Sen. Mazie Hirono, D-Hawaii, called Title II “not terribly applicable” to ISPs, suggesting it’s “not where we want to go” in crafting new rules. “We regulate public utilities up the wazoo,” she said, referring to the Title II classification. “Should we be talking about a new title?” The best scenario may be “a clear, new title,” she said.
Republicans framed net neutrality rules as government interference. “Rules and regulations could just end up impeding” the development of networks, create uncertainty “and ultimately cost jobs, harming the economy,” said Judiciary Committee ranking member Chuck Grassley, R-Iowa. Net neutrality regulation would “foul up the Internet,” said Sen. Orrin Hatch, R-Utah. “Without government regulation, the Internet is growing. So what’s the problem?” Sen. Jeff Flake, R-Ariz., scoffed at Franken’s remarks about preserving the Internet as-is and argued that such talk of preservation is dangerous in a dynamic industry. Sen. Mike Lee, R-Utah, cited dangers of regulation designed to govern railroads and Ma Bell, a reference to the possibility of Title II reclassification. “Unwise regulation in this area would do nothing, I fear, but stifle much-needed innovation in Internet service and, in the process, make it harder in the long run for consumers to secure better service and ultimately have a real choice, more choices than they currently have, about who delivers their Internet service,” Lee said.
Sen. Ted Cruz, R-Texas, said unelected FCC commissioners “should not be dictating how Internet service should be provided to millions of Americans.” He accused the FCC rulemaking of leading to “nanny-state regulation from Washington” and called net neutrality “a wolf in sheep’s clothing,” a “set of government directives” poised, as in other cases of such regulation, to leave “the little guys” in a “fatally strangled” position.
Center for Democracy & Technology President Nuala O'Connor, actress Ruth Livier, who has developed a Web-delivered video series, and Union Square Ventures Managing Partner Brad Burnham testified for net neutrality protections, as expected (CD Sept 17 p16). Robert McDowell, a former Republican FCC commissioner now at Wiley Rein, and Jeff Eisenach, a visiting scholar with the American Enterprise Institute Center for Internet, Communications and Technology Policy, warned against them, saying they would harm the market and create long-term dangers. Consumers should rely on antitrust laws, they said.

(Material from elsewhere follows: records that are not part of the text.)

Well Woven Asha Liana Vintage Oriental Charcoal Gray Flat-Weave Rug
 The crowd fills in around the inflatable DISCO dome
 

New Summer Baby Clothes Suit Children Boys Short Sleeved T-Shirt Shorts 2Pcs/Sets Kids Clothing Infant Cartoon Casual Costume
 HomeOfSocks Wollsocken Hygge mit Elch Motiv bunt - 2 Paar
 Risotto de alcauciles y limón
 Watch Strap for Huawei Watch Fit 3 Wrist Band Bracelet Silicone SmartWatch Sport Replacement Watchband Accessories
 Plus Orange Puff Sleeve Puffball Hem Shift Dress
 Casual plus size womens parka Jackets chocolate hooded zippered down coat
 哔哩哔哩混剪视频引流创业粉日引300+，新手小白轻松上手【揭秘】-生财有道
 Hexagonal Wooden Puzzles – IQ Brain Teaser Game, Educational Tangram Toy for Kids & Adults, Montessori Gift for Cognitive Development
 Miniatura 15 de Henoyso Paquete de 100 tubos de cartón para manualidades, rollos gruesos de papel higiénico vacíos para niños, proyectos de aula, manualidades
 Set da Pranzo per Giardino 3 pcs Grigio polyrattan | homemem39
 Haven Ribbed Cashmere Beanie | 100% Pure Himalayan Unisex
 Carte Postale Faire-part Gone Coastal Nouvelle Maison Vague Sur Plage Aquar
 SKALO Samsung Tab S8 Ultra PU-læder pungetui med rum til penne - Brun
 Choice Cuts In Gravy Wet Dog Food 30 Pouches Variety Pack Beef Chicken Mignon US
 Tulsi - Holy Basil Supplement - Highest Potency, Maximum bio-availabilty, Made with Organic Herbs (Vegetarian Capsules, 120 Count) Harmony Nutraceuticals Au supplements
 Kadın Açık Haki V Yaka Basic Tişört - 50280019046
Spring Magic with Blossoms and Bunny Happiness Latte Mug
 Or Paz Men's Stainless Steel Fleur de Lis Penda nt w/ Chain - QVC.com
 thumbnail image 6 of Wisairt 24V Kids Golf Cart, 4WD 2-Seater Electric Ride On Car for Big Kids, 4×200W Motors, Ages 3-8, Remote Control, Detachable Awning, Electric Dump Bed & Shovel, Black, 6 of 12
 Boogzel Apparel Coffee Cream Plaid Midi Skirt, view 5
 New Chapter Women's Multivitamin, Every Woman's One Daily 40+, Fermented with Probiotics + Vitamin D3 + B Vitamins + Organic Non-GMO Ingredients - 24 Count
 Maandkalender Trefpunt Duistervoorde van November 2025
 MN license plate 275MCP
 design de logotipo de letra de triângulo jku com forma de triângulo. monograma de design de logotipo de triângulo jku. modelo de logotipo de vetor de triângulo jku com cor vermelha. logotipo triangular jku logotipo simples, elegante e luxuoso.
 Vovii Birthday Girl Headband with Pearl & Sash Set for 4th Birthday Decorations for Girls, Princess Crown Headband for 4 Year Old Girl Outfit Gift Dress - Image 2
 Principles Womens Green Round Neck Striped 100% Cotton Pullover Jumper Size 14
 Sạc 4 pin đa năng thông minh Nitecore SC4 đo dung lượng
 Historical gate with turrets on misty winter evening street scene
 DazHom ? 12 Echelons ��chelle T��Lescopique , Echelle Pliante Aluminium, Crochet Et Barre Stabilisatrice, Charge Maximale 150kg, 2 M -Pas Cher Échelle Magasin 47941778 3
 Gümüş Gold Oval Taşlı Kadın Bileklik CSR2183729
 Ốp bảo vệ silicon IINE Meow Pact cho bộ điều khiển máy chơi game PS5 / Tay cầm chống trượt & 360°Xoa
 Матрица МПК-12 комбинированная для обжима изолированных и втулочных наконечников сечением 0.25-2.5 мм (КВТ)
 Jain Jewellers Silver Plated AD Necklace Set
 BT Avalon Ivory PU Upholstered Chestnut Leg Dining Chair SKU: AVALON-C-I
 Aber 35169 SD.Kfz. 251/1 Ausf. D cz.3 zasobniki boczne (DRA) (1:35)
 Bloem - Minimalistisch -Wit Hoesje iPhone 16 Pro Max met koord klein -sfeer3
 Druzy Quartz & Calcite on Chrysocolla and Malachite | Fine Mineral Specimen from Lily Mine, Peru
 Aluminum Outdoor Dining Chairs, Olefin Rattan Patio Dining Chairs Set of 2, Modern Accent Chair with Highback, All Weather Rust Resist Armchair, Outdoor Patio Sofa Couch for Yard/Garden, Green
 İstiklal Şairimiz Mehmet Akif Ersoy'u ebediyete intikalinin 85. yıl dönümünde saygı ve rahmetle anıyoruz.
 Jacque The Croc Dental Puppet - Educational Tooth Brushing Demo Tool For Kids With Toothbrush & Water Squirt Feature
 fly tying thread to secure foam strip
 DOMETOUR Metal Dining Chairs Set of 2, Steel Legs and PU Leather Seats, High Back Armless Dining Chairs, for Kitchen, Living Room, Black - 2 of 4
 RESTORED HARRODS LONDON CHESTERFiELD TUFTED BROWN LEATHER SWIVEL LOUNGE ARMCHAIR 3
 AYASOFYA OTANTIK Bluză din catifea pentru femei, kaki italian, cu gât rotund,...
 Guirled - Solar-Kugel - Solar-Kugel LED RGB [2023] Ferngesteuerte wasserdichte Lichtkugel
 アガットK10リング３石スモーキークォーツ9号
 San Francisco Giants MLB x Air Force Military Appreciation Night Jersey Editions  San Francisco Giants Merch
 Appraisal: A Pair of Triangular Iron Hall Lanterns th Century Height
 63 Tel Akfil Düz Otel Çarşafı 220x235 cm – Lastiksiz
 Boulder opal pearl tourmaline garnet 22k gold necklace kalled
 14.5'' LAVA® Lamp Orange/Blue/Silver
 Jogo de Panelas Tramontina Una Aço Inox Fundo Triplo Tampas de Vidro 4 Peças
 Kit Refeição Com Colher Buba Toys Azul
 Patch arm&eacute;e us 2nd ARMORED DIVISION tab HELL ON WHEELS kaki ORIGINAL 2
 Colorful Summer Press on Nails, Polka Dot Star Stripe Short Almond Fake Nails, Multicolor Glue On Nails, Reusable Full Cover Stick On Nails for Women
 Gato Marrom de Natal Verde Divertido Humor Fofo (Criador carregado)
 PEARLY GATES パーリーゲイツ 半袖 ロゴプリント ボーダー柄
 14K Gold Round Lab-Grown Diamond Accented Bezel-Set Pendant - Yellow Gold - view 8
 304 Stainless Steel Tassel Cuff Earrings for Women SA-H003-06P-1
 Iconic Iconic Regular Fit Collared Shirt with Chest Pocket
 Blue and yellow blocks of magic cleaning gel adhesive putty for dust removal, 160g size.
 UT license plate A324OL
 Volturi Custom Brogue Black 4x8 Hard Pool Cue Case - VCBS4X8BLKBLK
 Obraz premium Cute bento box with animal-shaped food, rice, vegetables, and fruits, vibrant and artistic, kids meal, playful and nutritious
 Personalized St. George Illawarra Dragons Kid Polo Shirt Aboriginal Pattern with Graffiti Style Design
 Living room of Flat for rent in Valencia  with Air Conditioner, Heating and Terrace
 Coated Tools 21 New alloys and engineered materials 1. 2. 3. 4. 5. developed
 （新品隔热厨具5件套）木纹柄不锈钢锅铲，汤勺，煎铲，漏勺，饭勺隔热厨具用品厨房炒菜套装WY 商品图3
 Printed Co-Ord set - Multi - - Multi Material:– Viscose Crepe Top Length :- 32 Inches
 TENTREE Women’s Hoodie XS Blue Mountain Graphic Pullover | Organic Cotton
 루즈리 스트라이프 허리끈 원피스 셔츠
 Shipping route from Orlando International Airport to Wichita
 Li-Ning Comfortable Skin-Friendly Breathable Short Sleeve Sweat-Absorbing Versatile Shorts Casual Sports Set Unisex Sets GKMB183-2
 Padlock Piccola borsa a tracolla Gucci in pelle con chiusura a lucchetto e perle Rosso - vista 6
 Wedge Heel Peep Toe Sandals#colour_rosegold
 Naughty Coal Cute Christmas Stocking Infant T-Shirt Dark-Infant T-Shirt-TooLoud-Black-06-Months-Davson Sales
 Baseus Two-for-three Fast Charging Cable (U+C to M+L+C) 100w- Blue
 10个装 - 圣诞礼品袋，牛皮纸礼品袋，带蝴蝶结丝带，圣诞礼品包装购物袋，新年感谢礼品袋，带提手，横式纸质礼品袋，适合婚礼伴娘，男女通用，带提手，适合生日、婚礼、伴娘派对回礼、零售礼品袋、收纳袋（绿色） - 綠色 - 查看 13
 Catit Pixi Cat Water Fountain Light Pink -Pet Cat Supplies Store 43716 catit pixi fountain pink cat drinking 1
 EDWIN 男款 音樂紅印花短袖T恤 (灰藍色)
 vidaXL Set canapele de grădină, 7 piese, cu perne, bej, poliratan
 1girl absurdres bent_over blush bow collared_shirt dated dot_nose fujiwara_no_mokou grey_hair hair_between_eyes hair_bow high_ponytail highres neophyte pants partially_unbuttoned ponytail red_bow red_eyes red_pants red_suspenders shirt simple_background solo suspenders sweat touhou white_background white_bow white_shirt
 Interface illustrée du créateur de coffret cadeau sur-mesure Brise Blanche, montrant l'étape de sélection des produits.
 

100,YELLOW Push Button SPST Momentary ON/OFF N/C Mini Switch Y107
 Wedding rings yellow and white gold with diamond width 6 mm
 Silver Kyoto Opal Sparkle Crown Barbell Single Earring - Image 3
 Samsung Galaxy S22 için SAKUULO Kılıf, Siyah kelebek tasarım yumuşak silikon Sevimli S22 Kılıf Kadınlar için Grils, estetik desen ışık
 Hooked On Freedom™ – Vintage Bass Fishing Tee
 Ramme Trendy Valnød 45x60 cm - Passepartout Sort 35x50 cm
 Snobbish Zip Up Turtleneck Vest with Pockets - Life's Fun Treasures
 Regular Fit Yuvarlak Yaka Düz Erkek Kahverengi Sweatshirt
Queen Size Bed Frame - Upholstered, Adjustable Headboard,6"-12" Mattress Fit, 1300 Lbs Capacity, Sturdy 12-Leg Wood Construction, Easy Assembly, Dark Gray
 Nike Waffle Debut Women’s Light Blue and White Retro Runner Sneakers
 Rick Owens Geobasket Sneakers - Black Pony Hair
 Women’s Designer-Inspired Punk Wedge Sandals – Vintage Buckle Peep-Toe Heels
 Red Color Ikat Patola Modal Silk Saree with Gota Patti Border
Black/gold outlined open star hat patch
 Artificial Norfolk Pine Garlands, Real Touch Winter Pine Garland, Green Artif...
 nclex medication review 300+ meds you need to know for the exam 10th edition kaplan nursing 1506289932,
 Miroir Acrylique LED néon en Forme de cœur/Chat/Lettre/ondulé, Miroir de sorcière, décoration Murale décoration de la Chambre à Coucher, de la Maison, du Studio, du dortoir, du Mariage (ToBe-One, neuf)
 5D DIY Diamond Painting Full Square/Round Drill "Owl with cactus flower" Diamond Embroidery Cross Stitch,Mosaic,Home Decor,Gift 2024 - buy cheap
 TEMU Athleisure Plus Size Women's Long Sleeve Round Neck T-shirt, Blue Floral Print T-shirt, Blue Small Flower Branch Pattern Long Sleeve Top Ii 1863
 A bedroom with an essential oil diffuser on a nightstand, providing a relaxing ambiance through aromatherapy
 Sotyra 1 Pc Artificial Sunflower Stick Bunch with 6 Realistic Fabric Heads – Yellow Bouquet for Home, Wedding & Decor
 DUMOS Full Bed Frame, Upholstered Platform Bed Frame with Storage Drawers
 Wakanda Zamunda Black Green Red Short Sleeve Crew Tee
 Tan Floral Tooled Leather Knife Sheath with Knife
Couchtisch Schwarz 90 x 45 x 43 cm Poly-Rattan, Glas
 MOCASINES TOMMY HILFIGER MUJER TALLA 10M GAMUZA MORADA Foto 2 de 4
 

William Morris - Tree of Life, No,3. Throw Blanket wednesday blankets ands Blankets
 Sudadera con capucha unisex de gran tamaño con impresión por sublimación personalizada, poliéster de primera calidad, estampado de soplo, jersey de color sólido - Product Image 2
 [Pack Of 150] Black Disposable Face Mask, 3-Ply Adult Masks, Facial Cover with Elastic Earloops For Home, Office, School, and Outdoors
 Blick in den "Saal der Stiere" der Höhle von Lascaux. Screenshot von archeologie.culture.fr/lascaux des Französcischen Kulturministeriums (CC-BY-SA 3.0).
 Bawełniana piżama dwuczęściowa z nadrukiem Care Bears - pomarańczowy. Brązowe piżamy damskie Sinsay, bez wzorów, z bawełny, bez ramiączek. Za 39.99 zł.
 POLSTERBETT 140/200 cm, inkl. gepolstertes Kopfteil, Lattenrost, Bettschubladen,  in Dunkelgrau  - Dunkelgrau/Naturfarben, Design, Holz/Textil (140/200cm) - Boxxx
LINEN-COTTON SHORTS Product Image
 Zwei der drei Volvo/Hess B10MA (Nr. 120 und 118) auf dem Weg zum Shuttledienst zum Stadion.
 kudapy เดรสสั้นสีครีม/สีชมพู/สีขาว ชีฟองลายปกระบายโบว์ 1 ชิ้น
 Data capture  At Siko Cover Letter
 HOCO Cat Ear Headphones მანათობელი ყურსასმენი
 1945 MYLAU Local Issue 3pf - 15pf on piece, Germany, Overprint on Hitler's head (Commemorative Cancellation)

Reclassify and “immediately forbear,” recommended Burnham, formerly with AT&T. He called the idea that broadband is not a Title II telecom service “a fiction.” Livier also backed reclassification. O'Connor called Title II “a very significant option” but urged the FCC to consider all options for new rules, potentially relying on a hybrid of Title II and Section 706 authority. But Title II reclassification could mean a return of rate proceedings and would not ban prioritization, Eisenach cautioned: Net neutrality rules “would legitimize the efforts of tyrants everywhere."
Witnesses disagreed on the history of classification and regulation for the Internet. “It is a fallacy to say the Internet has not been regulated,” O'Connor shot back. McDowell had called the Internet “the greatest deregulatory success story of all time” and lamented that net neutrality’s definition “keeps morphing by the day,” the equivalent of a “Rorschach inkblot.” He especially warned against Title II reclassification and against applying net neutrality rules to wireless companies. Burnham and O'Connor said rules would create needed market certainty, while McDowell told Grassley “the investment community has a variety of concerns” about Title II reclassification, citing analysts. McDowell also rejected Burnham’s characterization of when the FCC judged broadband an information service and how it was regulated before: “They've never, ever been classified under Title II, those services,” McDowell said.